Le Monde de Charlie est adapté du livre éponyme de Stephen Chbosky (1999), roman épistolaire semi-autobiographique que l’auteur a lui-même transposé à l’écran. Chbosky s’y souvient de son année scolaire 1991-1992, quand il traversait difficilement l’adolescence et tentait de trouver sa place. Un best-seller de littérature pour jeunes adultes, pas trop aseptisé, classé dixième sur la « liste noire » de l’American Library Association (Association des Bibliothèques Américaines) en raison de ses thèmes : sexe, drogue, homosexualité, suicide, entre autres. Il a souvent été, à sa sortie, comparé à L’Attrape-coeurs de J. D. Salinger : on n’ira pas jusque-là, même si l’observation d’une première année de lycée touche souvent juste, dans la manière qu’il a de se placer à hauteur de ses personnages et de leurs petites peines qui, à leur âge, semblent insurmontables. Difficile de se passionner, passé la vingtaine, pour des scènes interminables de jeux de la bouteille ou de beuveries de fin d’année. Plus intéressante, en revanche, est la retranscription d’une époque où le CD faisait son apparition mais où l’on chérissait encore le vinyle et où les compils s’enregistraient sur des cassettes, à offrir à celui ou celle qu’on aimait bien.
Car Le Monde de Charlie, en plus d’être un film sur le passage à l’âge adulte, est un film pop, au rythme quasi musical, scandé par les sons de XTC (Dear God) ou des Cocteau Twins (Pearly Dewdrops’ Drops). Il rappelle qu’au cinéma, tout est plus beau avec le Heroes de Bowie en fond sonore – même une séquence aussi balisée qu’une balade en voiture, de nuit et cheveux au vent, en banlieue de Pittsburgh. C’est, également, un film qui n’a pas peur de jouer la nostalgie, fusse-t-elle d’une époque pas toujours heureuse mais faite d’instants éphémères qui faisaient qu’on se sentait vivre : un baiser volé, une prestation impromptue sur la scène d’un théâtre – beau moment de la prestation live du Rocky Horror Picture Show (Jim Sharman, 1975) devant un écran de cinéma sur lequel est projeté le film. Les ados y disent des choses définitives comme « Là, tout de suite, nous sommes immortels » ou « Dès qu’on a eu 16 ans, on ne savait plus ce que c’était que d’avoir 15 ans ». Le Monde de Charlie est ainsi, par intermittences, vraiment charmant.

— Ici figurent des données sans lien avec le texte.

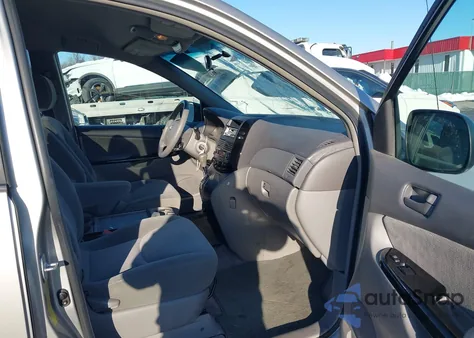 2005 Toyota Sienna Le из США, поврежденный, VIN 5TDZA23C35S340561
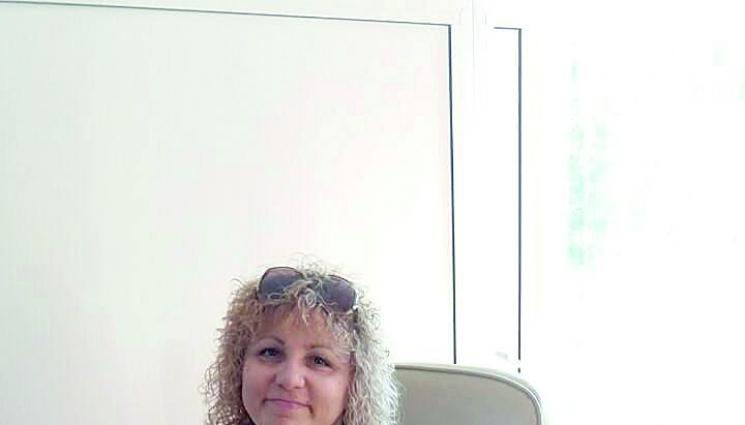 Лекарка и кметица разнасят хапове до старците на село - Лекарка и кметица разнасят 
хапове до старците на село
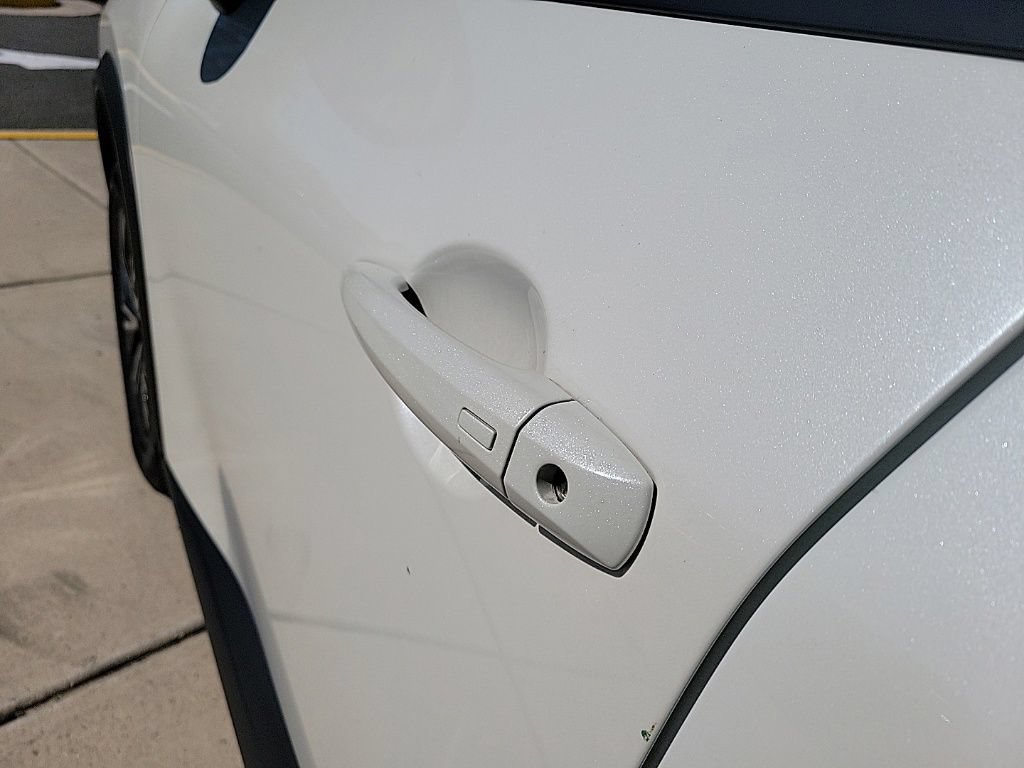 Used 2023 Nissan Rogue SV AWD/4WD image 9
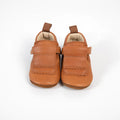 Par de sapatinhos de pele camel Bunny Barefoot Girafinha, estilo mocassim, com fecho de velcro e detalhe decorativo festonado.
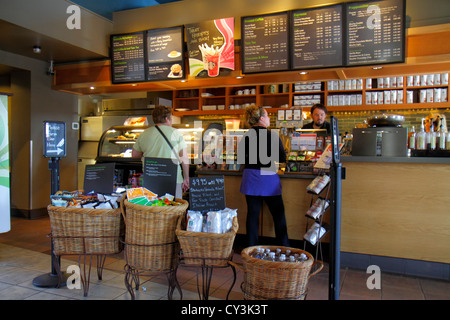 Maine Freeport, Main Street, Highway Route 1, Café, Starbucks Coffee, Barista, Vitrinenverkauf, Schalter, Menü, Gast, ME120826019 Stockfoto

C’est dans son versant dramatique qu’il pèche plus souvent, lorsqu’il convoque traumas et culpabilités de l’enfance pour expliquer le mal-être adolescent, à grand renfort de pénibles flashes back finalement évacués par la présence rassurante d’une psychologue en blouse blanche (Joan Cusack, guest star de fin de film). C’est pourtant dans ces blessures venues de loin qu’aurait résidé le vrai intérêt du Monde de Charlie : il aurait fallu les mettre en scène plus finement, en suggérant plus et sans jouer d’un suspense malsain qui ne va pas très bien au film. Le plaisir est donc ailleurs, dans les veillées au coin du feu, les fous rires, un pas de danse qui vient malgré soi ; dans les moments précieux où, à seize ans, on se sent enfin « au-dessus de la moyenne ».